続・竹林の愚人 蛸薬師堂

蛸薬師堂


蛸薬師堂(たこやくしどう) 京都市中京区新京極蛸薬師東側町503
正しくは浄瑠璃山永福寺といい、本堂に『蛸薬師』と呼ばれる薬師如来の石造を安置している。
昔、この寺が二条室町にあったころ、付近に池があったことから、水上(みなかみ)薬師又は澤(たく)薬師と呼ばれ、これが訛って蛸薬師となったといわれている。
また、一説には、この寺にいた善光という親孝行な僧侶が、戒律に背いて病気の母のために蛸を買って帰るところを町の人々に見とがめられ、箱を開けるよう求められたとき、薬師如来に「この難をお助けください」と念したところ、蛸の足が八巻の妙法蓮華経に変わり、難局を逃れたという。
その後、母の病気も薬を飲まずに全治し、これは、親孝行の僧侶を守った本尊の霊験であるとして、本尊の薬師如来を蛸薬師とうようになったと伝えられている。
病気平癒の祈願のために参拝する人々でにぎわった参道は蛸薬師通と呼ばれるようになった。   京都市




円福寺(えんぷくじ)は明治維新で境内が没収され、明治16年(1863)に檀家の多い三河に移ることになり、岡崎市の妙心寺と社号を交換しました。
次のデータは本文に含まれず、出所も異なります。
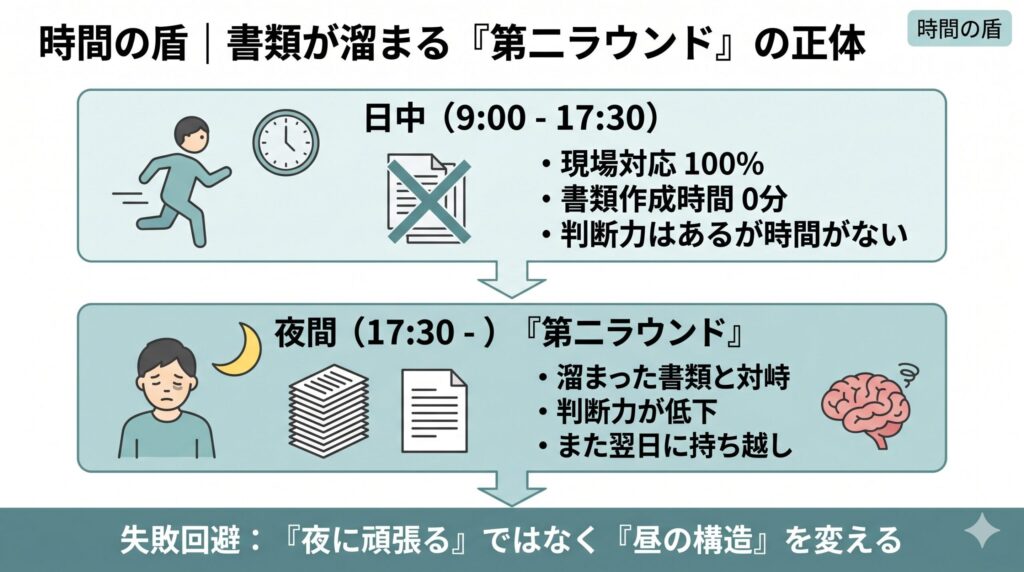 デイサービス管理者の第二ラウンドが、日中の現場対応から17:30以降の書類業務へ流れ、夜に重くなる構造を示した図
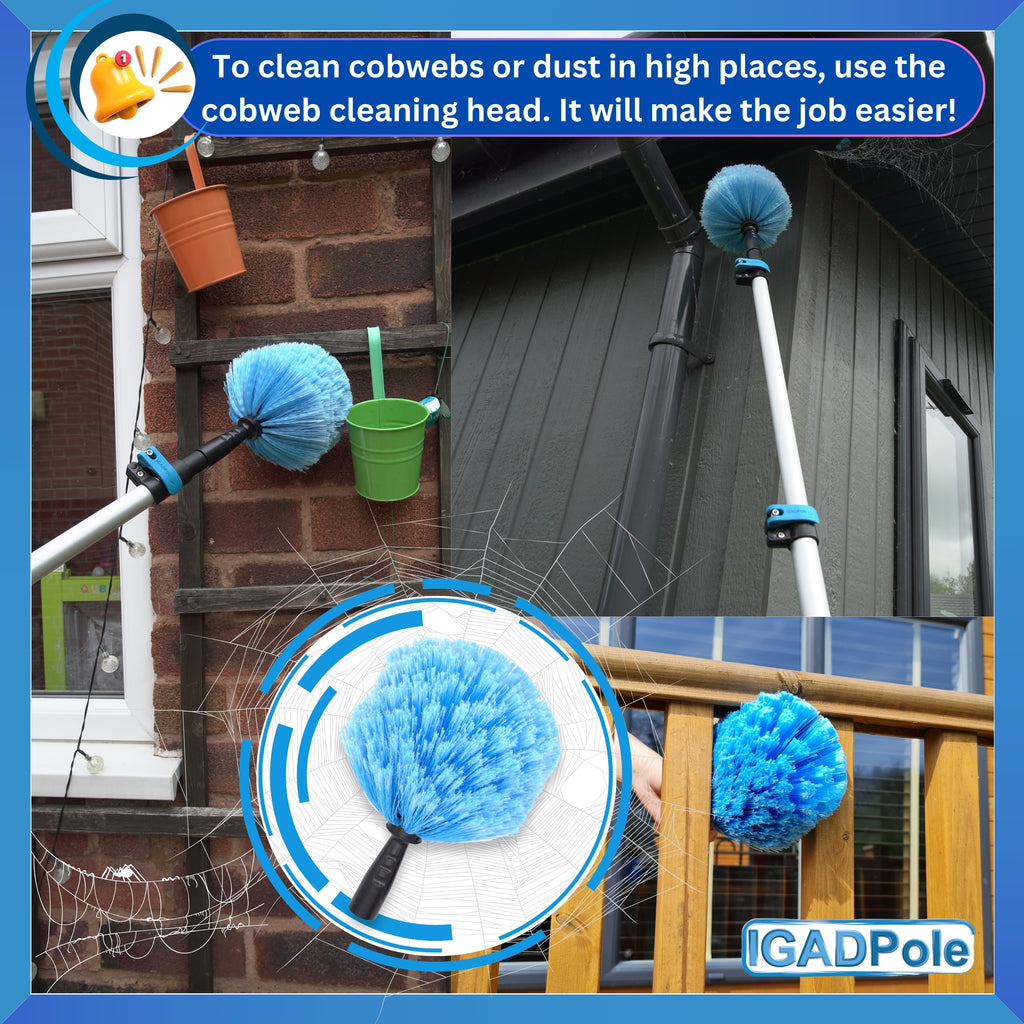 IGADPole 30 FT (9m) Window Cleaning Kit, Window Washing Cleaner Equipment Kit – Squeegee, Scrubber, Soap Dispenser & Water Brush Cleaner Tool with Extension Pole for Household & Outdoor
その妙心寺が堂の奥にあります。


『都名所図会』
蛸薬師(たこやくし) は永福寺と号して、円福寺の境内にあり。旧地は三条室町なり。水上薬師といふ。
本尊薬師仏は石像にして、長二尺、伝教大師の作なり。もと比叡山の北谷にあり。また蛸薬師と号するは、旧地に沢あり。これによって都下の人沢薬師と称せしを、後世誤って蛸薬師といひ風俗せり。いにしへの堂の梁の銘には、三条室町水上薬師堂と記し侍る。
○鯉地蔵は堂の前にあり。由来繋ぎによって略す。